On 10/14/24 12:06 PM, Daniel P. Berrangé wrote:
On Mon, Oct 14, 2024 at 04:55:37PM +0100, Daniel P. Berrangé wrote:
On Mon, Oct 14, 2024 at 04:37:42PM +0100, Richard W.M. Jones wrote:
On Mon, Oct 14, 2024 at 10:46:22AM -0400, Laine Stump wrote:
On 10/14/24 5:35 AM, Richard W.M. Jones wrote:
On Mon, Oct 14, 2024 at 09:52:13AM +0100, Daniel P. Berrangé wrote:
Urgh, I wonder if this is fallout from switching to NFT instead of iptables.
I can list the firewall rules if you tell me what I'm looking for ...
IIUC, the NFT kernel maintainers didn't implement for checksum fixup rules,
since they believe that all modern distros would have long ago fixed their
bugs wrt mangled checksums.
That's the first thing that came to my mind too - maybe RHEL5
*isn't* the only guest OS that has this problem. (I certainly hope
that isn't the case :-/)
There are two ways to test out this theory:
1) change the setting of "firewall_backend" in
/etc/libvirt/network.conf to "iptables" and restart virtnetworkd
(if that does work, then switch back to nftables, restart
virtnetworkd, and test again just to make sure the issue wasn't
caused by some out-of-place rule)
I changed the setting between nftables and iptables a few times and I
can confirm that your theory seems to be correct.
iptables =>
"5 bad udp checksums in 5 packets" message is NOT seen
FreeBSD gets an immediate DHCPOFFER and boots quickly with network
nftables =>
FreeBSD sends 5 DHCPDISCOVER messages
"5 bad udp checksums in 5 packets" reappears
FreeBSD does NOT see DHCPOFFER, although it does seem to remember
the offer from the previous boot, so it does get a network
connection in the end.
or
2) tell qemu to setup the virtio-net device to do its packet
processing in userspace rather than the kernel. You do this by
adding
<driver name='qemu'/>
to the <interface> section.
This also works (with nftables).
If I understand the trace correctly, the bad checksum originates on
the Linux host (the reply sent by dnsmasq).
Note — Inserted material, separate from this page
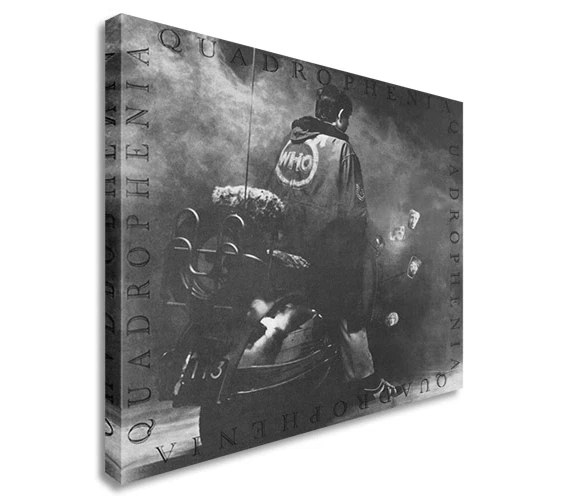 The Who Quadrophenia 2184 CD Cover Canvas Wall Art Picture Print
I need to try it again to verify, but my recollection is that (when
you're using virtio-net with default settings) the checksums of DHCP
packets in one direction or the other *always* show up in tcpdump as
having bad checksums, but they still end up getting to the other end
with a proper checksum. Sometime in the distant past I *may have*
had it explained to me why this happens, but I don't recall now.
Anyway, I'm just saying this so that you know the validity of the
UDP checksum shouldn't be used as an indicator of whether or not
things are "working".
I have to say I also don't really understand what's happening here.
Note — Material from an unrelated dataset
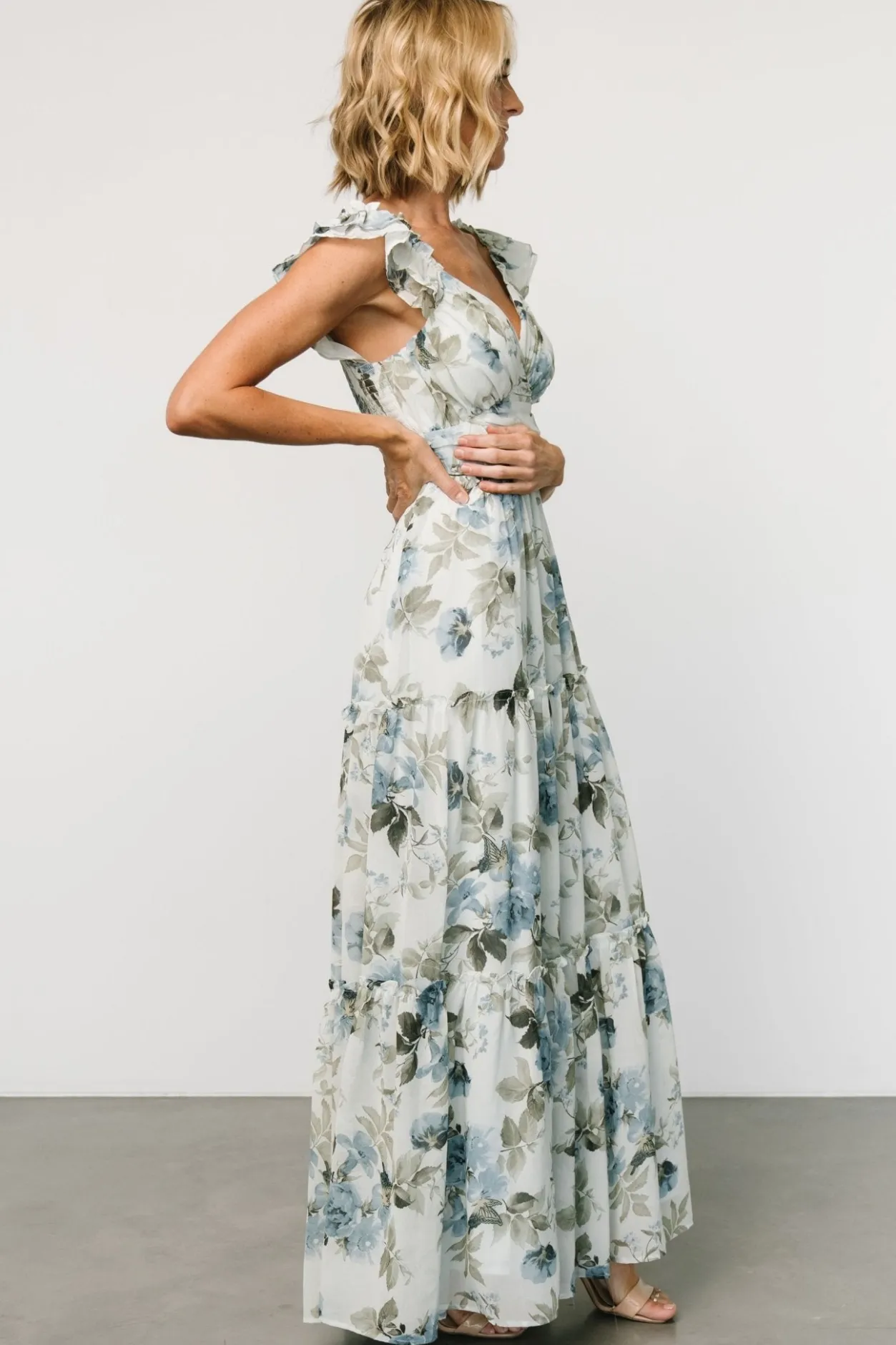 Outlet Baltic Born Martina Maxi Dress | Light Blue Floral LightBlueFloral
Isn't the Linux host sending DHCPOFFER? Why doesn't it set the UDP
checksum correctly and/or why would tcpdump report it wrongly if it is
setting it?
Here are the original gory details
https://lists.isc.org/pipermail/dhcp-hackers/2010-April/001835.html
TL;DR: we have checksum offload running so the host doesn't fill
in any checksums, but DHCP client then tries to validate the
non-existant checksum. Boom.
ISC DHCP fixed this in
https://github.com/isc-projects/dhcp/commit/7ff6ae5aa85754119319def3c7f225a40da299c4
and if i'm interpreting this patch correctly, it is only fixed on
Linux - most changes are in lpf.c, which is "Linux Packet Filter",
and I'm assumnig that codepath won't be used on *BSD.
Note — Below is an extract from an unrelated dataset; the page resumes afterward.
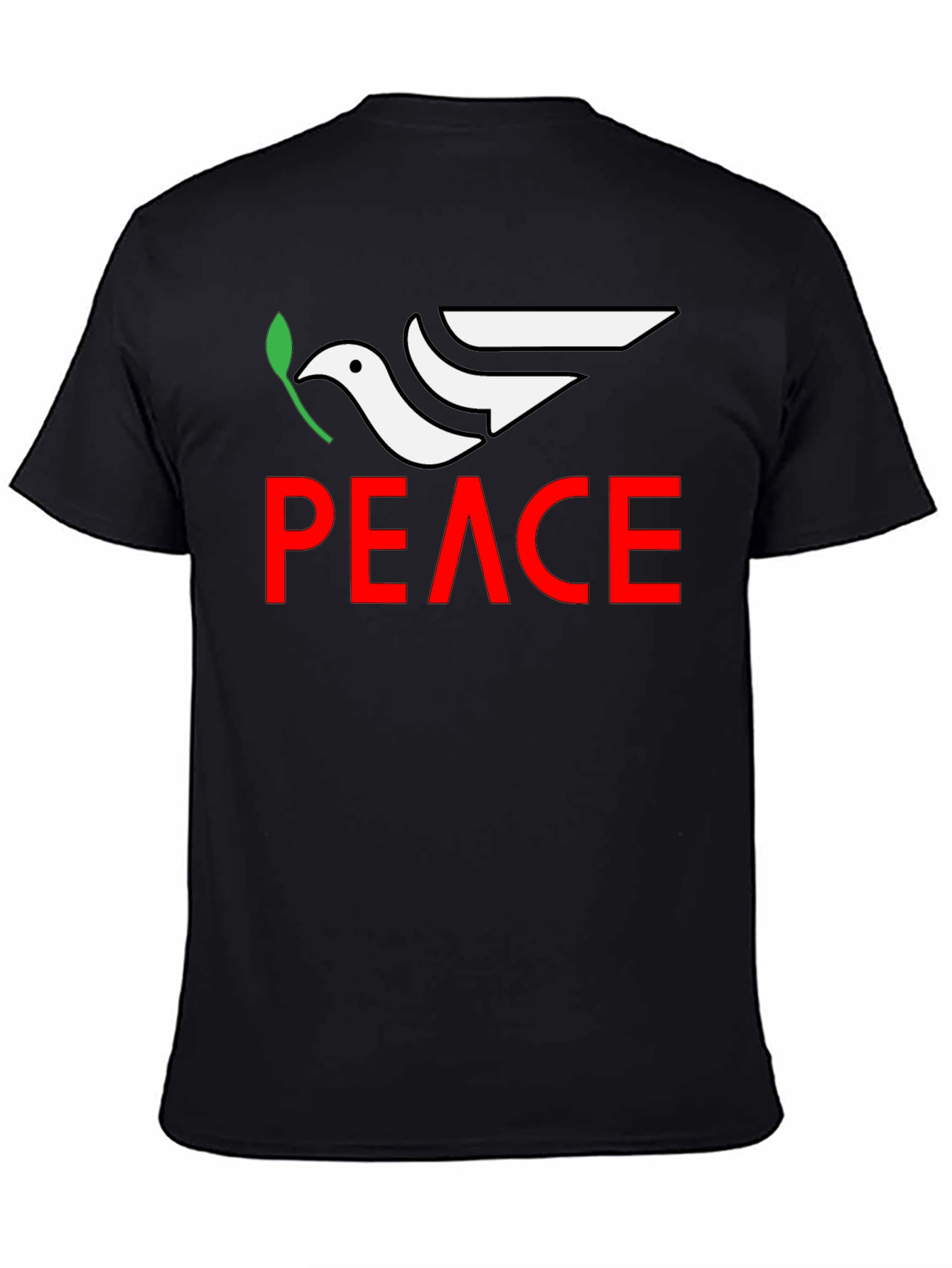 Peace Dove Graphic Tee - Black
If correct, then the idea that checksum fixup from iptables is
obsolete is incorrect, and we need it added to nftables for parity.
Requiring users to turn off vhost-net feature is horrible, not
just for the user experiance of not having a broken VM out of
the box, but also for performance, as checksum offloading is a
good thing if you want fast networking.
Phil Sutter and Eric Garver suggested that we try 0'ing out the checksum
of these packets, which is something that nftables *can* do. Phil tried
it and it worked for him, so I tried it and it worked for me too. So
this weekend I made a patch that will add a rule like this:
nft -ae insert rule ip libvirt_network postroute_mangle \
oif virbr0 udp dport 68 counter udp checksum set 0
along with adding a single chain like this to contain all those rules:
nft add chain ip libvirt_network guest_mangle \
'{ type filter hook postrouting priority 0; policy accept; }'
I've tested it with FreeBSD and Fedora guests and it works properly with
both. I posted the patch to devel@xxxxxxxxxxxxxxxxx
https://www.spinics.net/linux/fedora/libvir/msg249203.html
and am hoping that others can also test it to verify that it's not
*breaking* dhcp for any other guests (I personally don't have much in
the way of Windows guest images, or debian/ubuntu/suse/etc. I could spin
some up but it would probably be faster (and less work for me!) if other
people just tested with what they have).